## Exercise goal
Set down the full listing exactly as given. Any pictures are to be left out.

[Dataset excerpt — start]

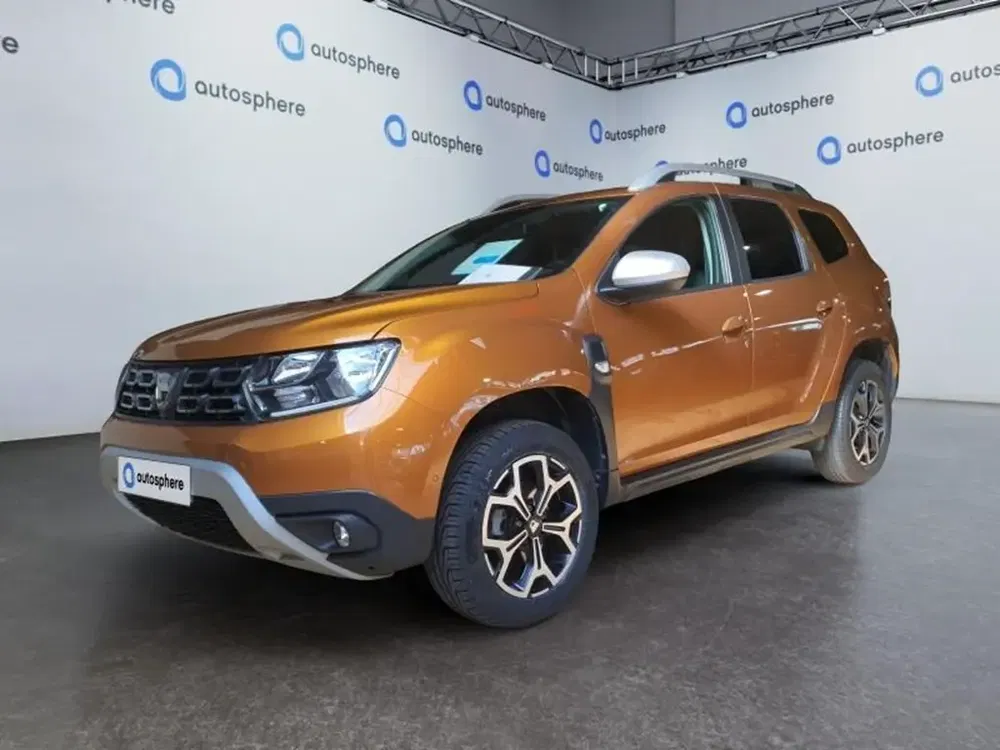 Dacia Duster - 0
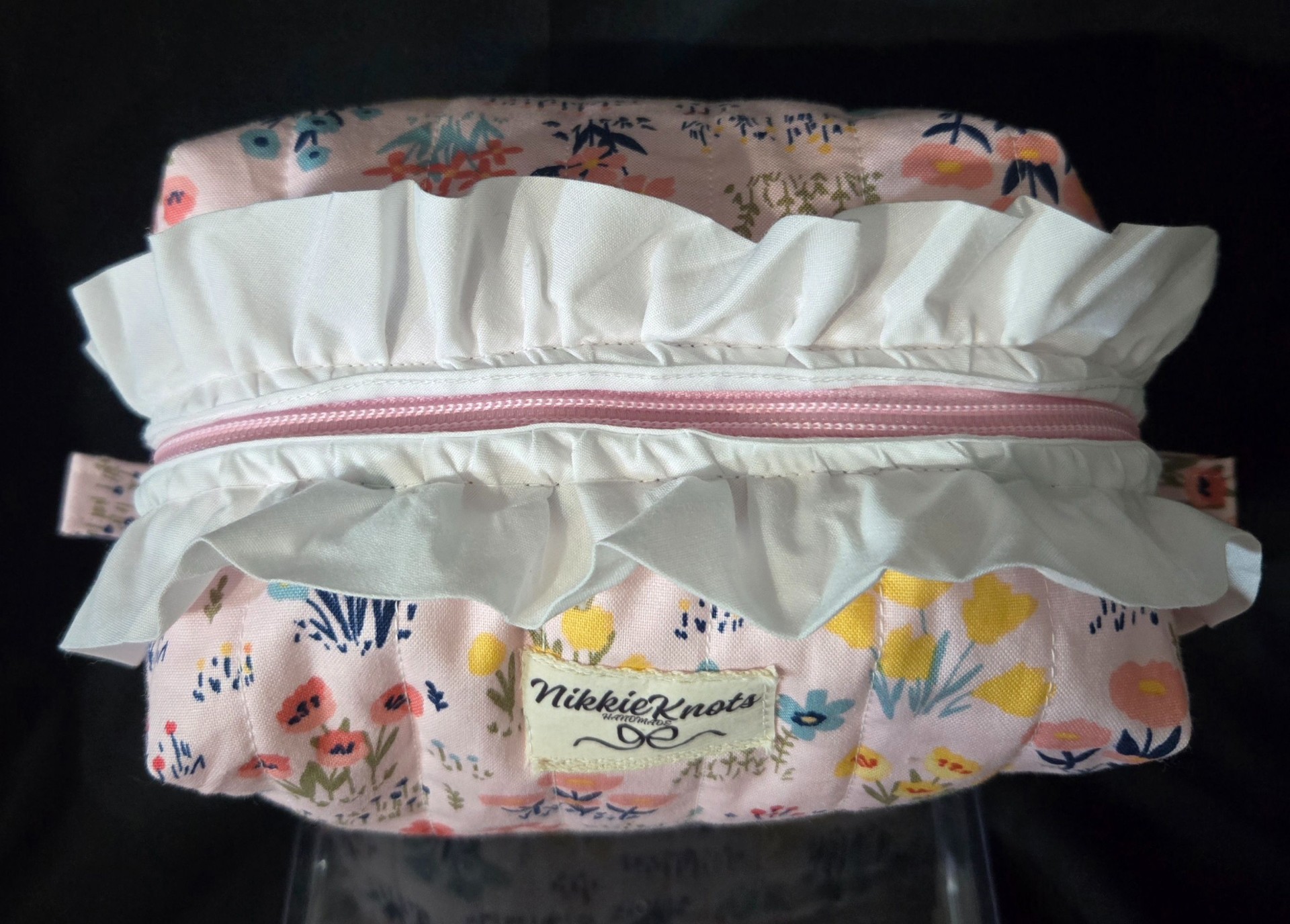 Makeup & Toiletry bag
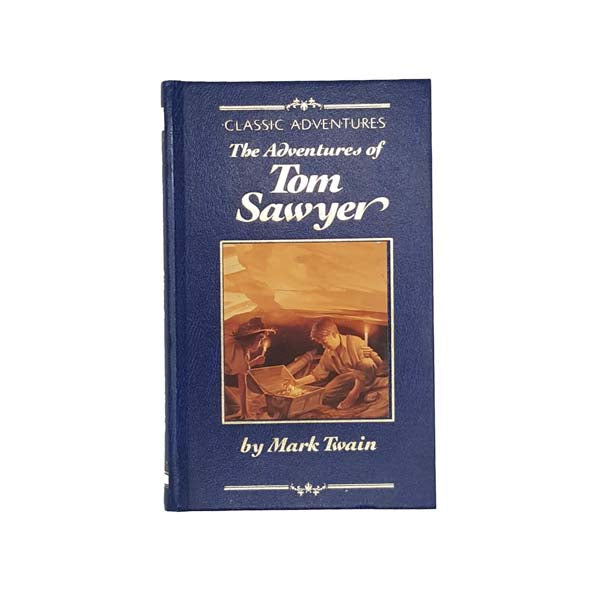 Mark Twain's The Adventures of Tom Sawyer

[Dataset excerpt — finish]

## Answer for this exercise
 Dacia Duster - 0
 Makeup & Toiletry bag
 Mark Twain's The Adventures of Tom Sawyer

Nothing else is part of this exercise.